O painel construído na escola é um registro de um momento de suas vidas na escola, um registro que tange o campo da estética e da subjetividade. Zelar pelo painel na escola é zelar pelo "bem" com o qual o grupo se identifica. É uma experiência em comum.
É pela ramificação e entrelaçamento – identidade, prática política, o patrimônio – que projetos pedagógicos devem ser entendidos pelos educadores na escola como uma práxis radical, como disse Giroux, "vinculada às atividades transfor- madoras e situada dentro de uma problemática" (1992, p.204) que tomam "textos culturais em relação com suas situações e efeitos históricos que devam conservar e subverter os significados de acordo com sua validade, não por uma tradição já construída mas por uma comunidade em processo" (GIROUX, 1992, p. 204).
Pensar em identidade na escola no momento em que vivemos é um desafio.
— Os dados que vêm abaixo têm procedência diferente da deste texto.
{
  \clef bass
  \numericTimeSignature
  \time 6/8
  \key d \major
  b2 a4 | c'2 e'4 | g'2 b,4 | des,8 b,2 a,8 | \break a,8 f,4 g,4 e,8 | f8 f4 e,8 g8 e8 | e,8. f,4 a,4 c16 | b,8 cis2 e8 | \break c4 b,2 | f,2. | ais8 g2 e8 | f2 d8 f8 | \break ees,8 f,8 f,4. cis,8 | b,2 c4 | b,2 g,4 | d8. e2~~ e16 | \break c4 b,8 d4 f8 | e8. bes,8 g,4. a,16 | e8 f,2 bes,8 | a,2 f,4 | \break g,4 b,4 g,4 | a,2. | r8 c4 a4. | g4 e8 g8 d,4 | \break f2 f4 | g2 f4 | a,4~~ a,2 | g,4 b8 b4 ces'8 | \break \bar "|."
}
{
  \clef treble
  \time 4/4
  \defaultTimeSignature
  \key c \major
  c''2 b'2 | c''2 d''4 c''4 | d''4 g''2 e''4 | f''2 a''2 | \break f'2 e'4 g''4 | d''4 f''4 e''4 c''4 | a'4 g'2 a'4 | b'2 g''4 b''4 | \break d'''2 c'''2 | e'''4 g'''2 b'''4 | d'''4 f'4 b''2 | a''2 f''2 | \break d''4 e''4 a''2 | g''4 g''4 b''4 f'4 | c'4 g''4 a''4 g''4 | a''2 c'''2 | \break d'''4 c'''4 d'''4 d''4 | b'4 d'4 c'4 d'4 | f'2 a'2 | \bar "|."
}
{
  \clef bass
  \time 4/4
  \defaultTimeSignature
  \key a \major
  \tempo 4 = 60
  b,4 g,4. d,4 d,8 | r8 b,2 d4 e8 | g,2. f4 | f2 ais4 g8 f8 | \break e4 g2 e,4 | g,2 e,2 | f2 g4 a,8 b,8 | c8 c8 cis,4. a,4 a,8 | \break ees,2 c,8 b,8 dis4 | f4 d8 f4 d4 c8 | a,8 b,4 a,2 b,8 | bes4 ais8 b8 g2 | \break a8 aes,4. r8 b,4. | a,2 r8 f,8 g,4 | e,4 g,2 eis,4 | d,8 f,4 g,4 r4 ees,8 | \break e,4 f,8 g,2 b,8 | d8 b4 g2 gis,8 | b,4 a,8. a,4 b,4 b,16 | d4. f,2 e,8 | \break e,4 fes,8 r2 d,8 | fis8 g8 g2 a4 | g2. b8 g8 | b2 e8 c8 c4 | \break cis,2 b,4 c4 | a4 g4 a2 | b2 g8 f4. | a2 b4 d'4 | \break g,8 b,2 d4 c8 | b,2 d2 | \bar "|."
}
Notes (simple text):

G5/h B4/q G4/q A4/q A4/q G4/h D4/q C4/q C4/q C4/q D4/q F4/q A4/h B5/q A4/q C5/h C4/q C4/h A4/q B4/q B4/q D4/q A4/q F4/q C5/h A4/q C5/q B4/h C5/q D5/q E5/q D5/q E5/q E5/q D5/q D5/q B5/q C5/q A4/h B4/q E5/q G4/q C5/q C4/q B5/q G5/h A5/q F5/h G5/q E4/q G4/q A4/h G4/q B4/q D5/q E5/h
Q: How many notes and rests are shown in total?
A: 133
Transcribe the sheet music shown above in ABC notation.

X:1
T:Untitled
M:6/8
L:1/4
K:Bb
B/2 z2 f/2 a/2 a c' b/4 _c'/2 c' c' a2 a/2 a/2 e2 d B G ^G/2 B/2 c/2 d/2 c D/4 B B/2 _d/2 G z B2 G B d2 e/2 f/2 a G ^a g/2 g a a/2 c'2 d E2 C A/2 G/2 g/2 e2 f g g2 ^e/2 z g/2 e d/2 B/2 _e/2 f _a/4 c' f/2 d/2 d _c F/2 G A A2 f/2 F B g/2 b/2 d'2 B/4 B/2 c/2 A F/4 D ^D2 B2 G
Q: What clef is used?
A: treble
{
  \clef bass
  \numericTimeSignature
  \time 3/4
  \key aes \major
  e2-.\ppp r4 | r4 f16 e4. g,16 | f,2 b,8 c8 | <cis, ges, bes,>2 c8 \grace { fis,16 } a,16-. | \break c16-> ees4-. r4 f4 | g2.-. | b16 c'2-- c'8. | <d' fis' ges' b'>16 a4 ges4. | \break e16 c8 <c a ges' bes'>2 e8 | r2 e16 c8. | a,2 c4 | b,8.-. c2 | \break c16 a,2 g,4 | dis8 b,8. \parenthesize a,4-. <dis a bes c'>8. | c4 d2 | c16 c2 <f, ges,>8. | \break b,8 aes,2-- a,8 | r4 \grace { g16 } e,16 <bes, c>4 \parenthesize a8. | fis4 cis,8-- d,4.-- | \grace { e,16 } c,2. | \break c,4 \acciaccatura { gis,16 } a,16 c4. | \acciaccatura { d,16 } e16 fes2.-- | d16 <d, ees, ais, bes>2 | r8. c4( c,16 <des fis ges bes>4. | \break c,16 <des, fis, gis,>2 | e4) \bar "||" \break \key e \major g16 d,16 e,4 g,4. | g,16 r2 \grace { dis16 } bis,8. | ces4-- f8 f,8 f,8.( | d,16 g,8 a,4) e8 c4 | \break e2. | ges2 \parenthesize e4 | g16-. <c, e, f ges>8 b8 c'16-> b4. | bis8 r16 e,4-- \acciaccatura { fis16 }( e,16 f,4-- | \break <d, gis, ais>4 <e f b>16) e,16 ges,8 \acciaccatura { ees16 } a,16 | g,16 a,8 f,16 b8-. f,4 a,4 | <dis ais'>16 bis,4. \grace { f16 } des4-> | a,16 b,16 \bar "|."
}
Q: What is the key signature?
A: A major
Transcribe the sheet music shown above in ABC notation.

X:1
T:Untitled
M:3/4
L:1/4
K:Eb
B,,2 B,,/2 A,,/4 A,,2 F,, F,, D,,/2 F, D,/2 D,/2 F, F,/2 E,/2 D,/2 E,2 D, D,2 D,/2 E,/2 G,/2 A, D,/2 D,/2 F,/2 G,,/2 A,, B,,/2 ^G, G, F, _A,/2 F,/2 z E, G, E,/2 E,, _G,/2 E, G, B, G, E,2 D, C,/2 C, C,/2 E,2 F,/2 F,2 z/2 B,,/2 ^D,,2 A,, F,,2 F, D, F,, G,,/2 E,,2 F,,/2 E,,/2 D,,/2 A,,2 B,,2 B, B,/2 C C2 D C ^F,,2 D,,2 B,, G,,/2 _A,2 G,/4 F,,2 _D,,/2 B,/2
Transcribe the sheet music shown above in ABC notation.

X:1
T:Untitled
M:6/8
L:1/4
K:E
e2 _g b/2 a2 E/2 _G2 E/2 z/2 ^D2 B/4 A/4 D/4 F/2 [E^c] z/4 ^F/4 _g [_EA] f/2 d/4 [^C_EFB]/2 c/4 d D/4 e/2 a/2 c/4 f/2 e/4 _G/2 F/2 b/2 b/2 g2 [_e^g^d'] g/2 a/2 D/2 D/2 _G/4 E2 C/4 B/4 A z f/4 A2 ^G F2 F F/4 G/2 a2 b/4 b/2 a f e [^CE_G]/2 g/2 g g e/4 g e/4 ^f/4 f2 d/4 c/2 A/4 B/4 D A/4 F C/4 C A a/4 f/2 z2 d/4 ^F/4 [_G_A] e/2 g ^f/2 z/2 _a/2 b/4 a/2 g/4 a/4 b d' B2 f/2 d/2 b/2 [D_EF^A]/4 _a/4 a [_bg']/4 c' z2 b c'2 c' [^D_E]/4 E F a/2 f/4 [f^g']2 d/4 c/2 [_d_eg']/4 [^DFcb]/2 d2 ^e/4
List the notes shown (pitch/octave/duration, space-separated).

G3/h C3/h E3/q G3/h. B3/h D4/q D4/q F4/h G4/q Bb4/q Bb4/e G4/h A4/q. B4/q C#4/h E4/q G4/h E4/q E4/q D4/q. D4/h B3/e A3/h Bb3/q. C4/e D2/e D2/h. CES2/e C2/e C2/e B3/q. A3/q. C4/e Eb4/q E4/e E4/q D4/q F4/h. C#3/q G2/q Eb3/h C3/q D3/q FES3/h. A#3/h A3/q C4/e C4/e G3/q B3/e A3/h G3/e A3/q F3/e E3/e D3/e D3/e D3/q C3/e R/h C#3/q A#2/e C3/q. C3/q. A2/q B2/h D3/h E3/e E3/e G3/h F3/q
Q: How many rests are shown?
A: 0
Representar as diferenças, as semelhanças, e o convívio delas nos espaços sociais é uma forma de legalizarmos emoções que podem estar anexas, encobertas ou dissimuladas, por não encontrarem espaço a vivê-las socialmente. Por isso "oportunidades de falar com suas próprias vozes para autenticar suas próprias experiências" (GIROUX, 1992, p.256) por movimentos que deflagrem a discussão em torno destas representações permitem que os sujeitos se coloquem como indivíduos nos grupos.